How does Gizmo generate questions from uploaded content?
Gizmo uses an LLM to extract key concepts from uploaded text (PDFs, notes, slides), then generates flashcard-style question-answer pairs for each concept. The quality of generated questions depends heavily on the prompt design — effective prompts specify question type (recall, application, conceptual), difficulty level, and require verification that answers are unambiguously correct.
What data do you need to build an effective spaced repetition system?
You need: item ID, learner ID, timestamp, response (correct/incorrect), and ideally response time and confidence rating. The SM-2 algorithm works with just these five fields from the first session. AI-optimised models improve significantly with 20+ review events per item per learner. Start with SM-2 and layer in a learned forgetting model once you have sufficient interaction data.
Is this architecture suitable for corporate training and onboarding?
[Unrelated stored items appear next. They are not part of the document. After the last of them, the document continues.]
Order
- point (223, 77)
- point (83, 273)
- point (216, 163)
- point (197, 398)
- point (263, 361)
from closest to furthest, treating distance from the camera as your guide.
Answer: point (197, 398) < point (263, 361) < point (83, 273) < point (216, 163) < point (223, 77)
Yes — adaptive learning is particularly high-value in corporate training because learners have highly variable prior knowledge. AI-adaptive onboarding that routes experienced hires through advanced content reduces time-to-productivity. Spaced repetition significantly improves compliance training retention for regulations that must be remembered and applied in practice.
How much engineering effort does building an AI-native learning platform require?
A basic AI-native learning platform with content ingestion, LLM-generated flashcards, SM-2 spaced repetition, and a mobile-responsive UI requires approximately 3-4 months with a team of 3-4 engineers. A full adaptive system with knowledge graphs and DKT knowledge state modelling requires 6-9 months and includes an ML engineer experienced with knowledge tracing models.